• **Exercise goal**: Each line from the one containing "Токарно-винторезный станок MetalTec" to the end of the entries below is to be set down exactly; the pictures are not.

━━━━━ Data for the task ━━━━━

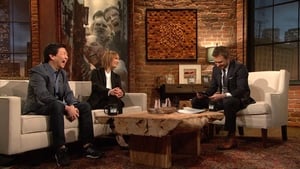 Talking Dead Season 5 Ep.7 7. epizód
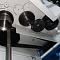 Токарно-винторезный станок MetalTec SL 640 x 1500 с УЦИ купить в Новосибирске - rodan.ru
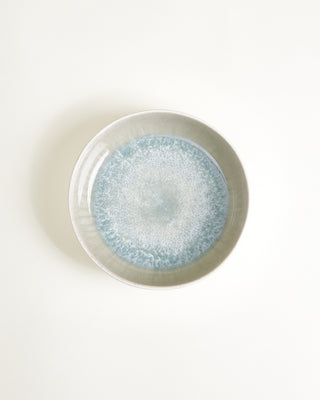 Areia Pastateller modern grau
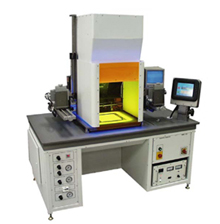 M152 Mask Aligner from Tamarack Scientific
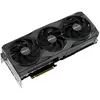 PNY GeForce RTX 5080 OC - Carte graphique - GeForce RTX 5080 - 16 Go G...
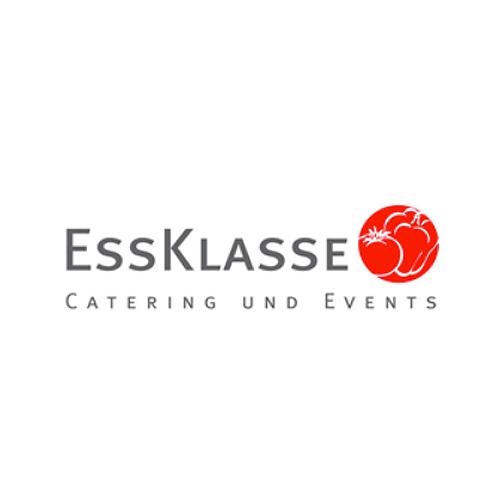 EssKlasse GmbH & Co. KG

━━━━━

• **Response to the task**:
 Токарно-винторезный станок MetalTec SL 640 x 1500 с УЦИ купить в Новосибирске - rodan.ru
 Areia Pastateller modern grau
 M152 Mask Aligner from Tamarack Scientific
 PNY GeForce RTX 5080 OC - Carte graphique - GeForce RTX 5080 - 16 Go G...
 EssKlasse GmbH & Co. KG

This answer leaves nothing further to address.